------ GIVEN DATA
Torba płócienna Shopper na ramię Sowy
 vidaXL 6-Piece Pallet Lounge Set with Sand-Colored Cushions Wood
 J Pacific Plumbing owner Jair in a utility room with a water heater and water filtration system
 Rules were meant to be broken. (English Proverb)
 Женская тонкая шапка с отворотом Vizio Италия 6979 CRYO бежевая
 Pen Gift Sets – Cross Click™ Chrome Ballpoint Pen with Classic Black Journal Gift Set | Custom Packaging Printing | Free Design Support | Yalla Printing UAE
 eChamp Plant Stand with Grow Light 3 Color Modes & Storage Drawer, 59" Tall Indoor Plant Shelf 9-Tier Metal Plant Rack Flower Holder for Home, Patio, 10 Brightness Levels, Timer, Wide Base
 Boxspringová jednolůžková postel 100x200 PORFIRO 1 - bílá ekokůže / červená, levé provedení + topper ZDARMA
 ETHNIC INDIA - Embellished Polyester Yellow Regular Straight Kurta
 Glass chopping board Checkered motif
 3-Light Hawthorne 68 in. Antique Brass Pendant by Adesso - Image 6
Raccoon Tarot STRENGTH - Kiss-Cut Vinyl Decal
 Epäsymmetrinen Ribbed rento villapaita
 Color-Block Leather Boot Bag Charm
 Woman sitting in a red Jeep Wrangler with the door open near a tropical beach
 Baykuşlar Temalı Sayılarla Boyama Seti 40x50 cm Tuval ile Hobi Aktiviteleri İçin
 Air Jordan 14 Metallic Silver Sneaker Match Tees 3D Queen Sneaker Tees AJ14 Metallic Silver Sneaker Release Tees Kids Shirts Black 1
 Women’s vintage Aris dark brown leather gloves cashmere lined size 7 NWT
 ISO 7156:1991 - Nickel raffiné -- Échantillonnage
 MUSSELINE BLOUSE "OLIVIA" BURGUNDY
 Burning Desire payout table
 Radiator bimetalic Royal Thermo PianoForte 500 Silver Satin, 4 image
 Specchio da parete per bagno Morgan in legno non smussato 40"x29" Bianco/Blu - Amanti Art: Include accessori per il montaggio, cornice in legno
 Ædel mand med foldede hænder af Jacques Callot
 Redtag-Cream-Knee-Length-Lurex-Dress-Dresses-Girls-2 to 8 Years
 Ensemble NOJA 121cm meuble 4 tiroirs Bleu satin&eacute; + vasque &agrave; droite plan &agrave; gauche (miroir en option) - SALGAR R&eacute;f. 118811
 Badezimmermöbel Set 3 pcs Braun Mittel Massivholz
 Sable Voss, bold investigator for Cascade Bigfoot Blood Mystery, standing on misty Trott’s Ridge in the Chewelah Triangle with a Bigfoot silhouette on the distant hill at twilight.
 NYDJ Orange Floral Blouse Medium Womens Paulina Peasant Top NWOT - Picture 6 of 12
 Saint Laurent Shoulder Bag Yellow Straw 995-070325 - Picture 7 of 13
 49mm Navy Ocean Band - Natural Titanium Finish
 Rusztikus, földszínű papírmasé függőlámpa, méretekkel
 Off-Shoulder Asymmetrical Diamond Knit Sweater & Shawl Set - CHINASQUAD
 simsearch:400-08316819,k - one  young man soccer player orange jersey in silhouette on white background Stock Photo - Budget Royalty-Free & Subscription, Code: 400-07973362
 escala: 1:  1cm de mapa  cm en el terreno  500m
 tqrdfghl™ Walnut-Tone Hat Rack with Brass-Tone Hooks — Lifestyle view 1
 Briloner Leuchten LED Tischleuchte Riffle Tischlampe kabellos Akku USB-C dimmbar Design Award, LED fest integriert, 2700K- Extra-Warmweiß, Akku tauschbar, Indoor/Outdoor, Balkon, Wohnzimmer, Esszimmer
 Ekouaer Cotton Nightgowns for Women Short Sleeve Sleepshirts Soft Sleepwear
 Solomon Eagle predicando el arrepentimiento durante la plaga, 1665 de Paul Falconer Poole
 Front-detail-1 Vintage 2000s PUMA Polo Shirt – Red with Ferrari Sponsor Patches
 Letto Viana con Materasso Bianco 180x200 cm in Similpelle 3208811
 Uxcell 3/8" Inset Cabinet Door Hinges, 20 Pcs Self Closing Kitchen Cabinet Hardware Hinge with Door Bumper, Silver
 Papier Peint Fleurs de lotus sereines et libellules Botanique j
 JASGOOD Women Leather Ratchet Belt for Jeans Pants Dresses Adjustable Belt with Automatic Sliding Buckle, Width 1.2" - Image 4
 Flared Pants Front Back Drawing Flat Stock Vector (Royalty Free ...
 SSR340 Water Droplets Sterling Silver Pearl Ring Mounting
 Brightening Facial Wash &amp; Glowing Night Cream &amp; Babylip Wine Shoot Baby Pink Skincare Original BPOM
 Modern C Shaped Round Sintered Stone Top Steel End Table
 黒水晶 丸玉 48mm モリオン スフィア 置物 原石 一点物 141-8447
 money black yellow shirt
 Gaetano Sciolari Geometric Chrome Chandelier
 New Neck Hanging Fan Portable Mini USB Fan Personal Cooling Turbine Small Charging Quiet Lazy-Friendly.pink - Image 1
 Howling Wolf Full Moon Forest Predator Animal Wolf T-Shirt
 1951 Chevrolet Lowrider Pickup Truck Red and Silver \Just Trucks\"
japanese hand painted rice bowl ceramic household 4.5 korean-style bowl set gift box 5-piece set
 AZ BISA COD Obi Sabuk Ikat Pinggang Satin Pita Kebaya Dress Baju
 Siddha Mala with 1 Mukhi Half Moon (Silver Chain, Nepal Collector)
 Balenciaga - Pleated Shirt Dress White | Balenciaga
------------
§ EXERCISE AIM:
Send back the lines of the records word for word, from the very first through the line containing "Женская тонкая шапка".

§ COMPLETED TASK:
Torba płócienna Shopper na ramię Sowy
 vidaXL 6-Piece Pallet Lounge Set with Sand-Colored Cushions Wood
 J Pacific Plumbing owner Jair in a utility room with a water heater and water filtration system
 Rules were meant to be broken. (English Proverb)
 Женская тонкая шапка с отворотом Vizio Италия 6979 CRYO бежевая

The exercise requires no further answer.